Just to remind you there are some anomalies and temporal discounting behavior. The first is preference reversals, flips and preference from one reward to another as time passes.
Imagine two hypothetical decision-makers Elizabeth and Henry each of whom is about average in terms of their overall patience, they differ however and how they think about time. To Elizabeth the value of money decreases with a constant proportion over time hundred dollars now might keep 90% of its value over one month 90% of what’s left over over the second month 90% what’s left over the third month and so forth.
The first month is no different than the fourth month time is time is time. Elizabeth’s temporal discounting function for $100 would look like a smooth curve that starts high and then loses 10% of its current value each month. The mathematical term for such a curve is an exponential function. Henry approaches money differently.

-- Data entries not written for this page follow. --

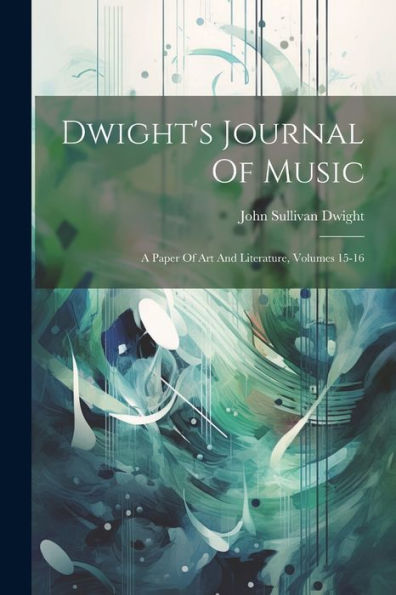 Dwight's Journal Of Music: A Paper Of Art And Literature, Volumes 15-16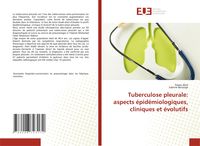 Produktbild: Tuberculose pleurale: aspects &eacute;pid&eacute;miologiques, cliniques et &eacute;volutifs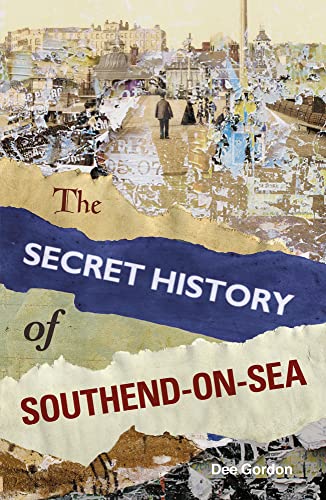 Beispielbild fr The Secret History of Southend-on-Sea zum Verkauf von WorldofBooks
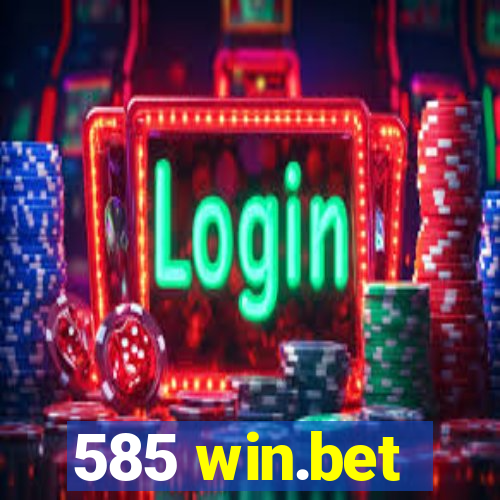 585 win.bet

To him the present matters much more than the future.
So $100 now might only be worth about $75 after one month delay and only $60 after two months. But future times don’t matter as much to Henry, he doesn’t really care much about the difference between 11 months or 12 months or between 12 months and 13 months. Henry’s temporal discounting function for $100 would decline much more sharply than Elizabeth at first but then would flatten out thereafter.
The mathematical term for this curve is a hyperbolic function and there’s been an impressive amount of research trying to fit these and other curves to people’s temporal discount functions. While some details remain unsettled there is a consensus that temporal discounting should follow an exponential function but that it does follow a hyperbolic function in most settings.
To illustrate this consensus let’s consider the following choice which would you prefer $100 now or $105 dollars a week from now? Many people find this a pretty easy choice. They’d rather have the smaller but sooner $100. Now let’s change the dates. Which you prefer? $100 and 52 weeks, $105 and 53 weeks? This seems like a very easy choice to almost everyone they’d rather have the larger later $105.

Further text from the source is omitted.